Now, premier and cabinet, I mean, they can make decisions. There's no problem with that. You know, elected officials. I think where some of the confusion lay is when the public health or the Health Command Table would make recommendations up, and it wasn't followed, the participants just wanted to know why their recommendations weren't accepted.
OK, I guess my question is, was it more political than public health in the way the Ford government approached this?
The final decisions were ultimately government decisions. Advice was provided up from Public Health Ontario. But, you know, we did see that there was some advice that wasn't fully implemented.
I think the decision to require all visitors to long-term care homes to have a negative COVID test every two weeks, Public Health Ontario and the testing group specialist experts advised against that. You know, the test is as good as the day you get the test, and it gives you a sense of false confidence that it's actually a test that's good for two weeks.

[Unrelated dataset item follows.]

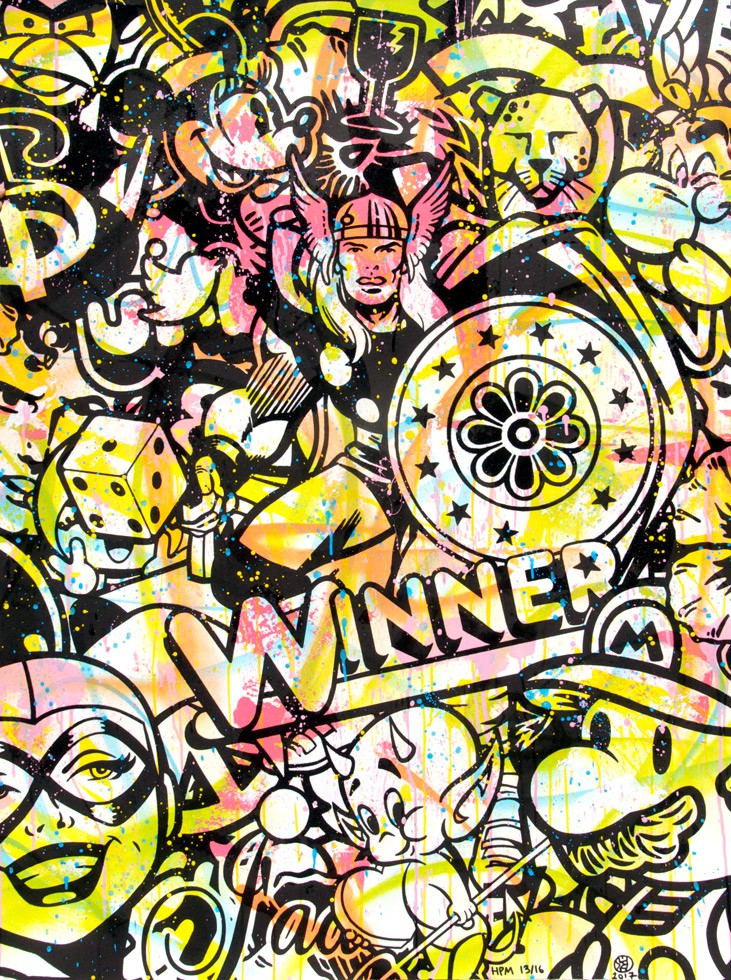 Speedy Graphito, Winner 13 Speedy Graphito, Winner 13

So that was one case where they provided advice and it wasn't followed.
Well, the most important thing is, do you think the people of Ontario are well-served during this crisis by their government?
I think this is a time when everybody needs to pull together. And I think tolerance is important. But I think learning from the past is very important to take forward.
COVID hit, a new subject, new disease, nobody's familiar with it. I think the fair thing to say here is people tried their best and now learn from some of the past and go forward and we'll get through this.
Are people in Ontario well-served by this government during this crisis?
I think it's not my place to, you know, have, convey an opinion that everybody else, I expect everyone else...
No, it's not an opinion like everybody else. You've written a very, very strong report, a very damning report in many respects. So what can you actually tell people? This is what they want to know. Not that you and the premier disagree on things. They want to know if they're well-served in this province.
And if they have opinions on what they see needed to be done, I mean, government's here to listen to the people.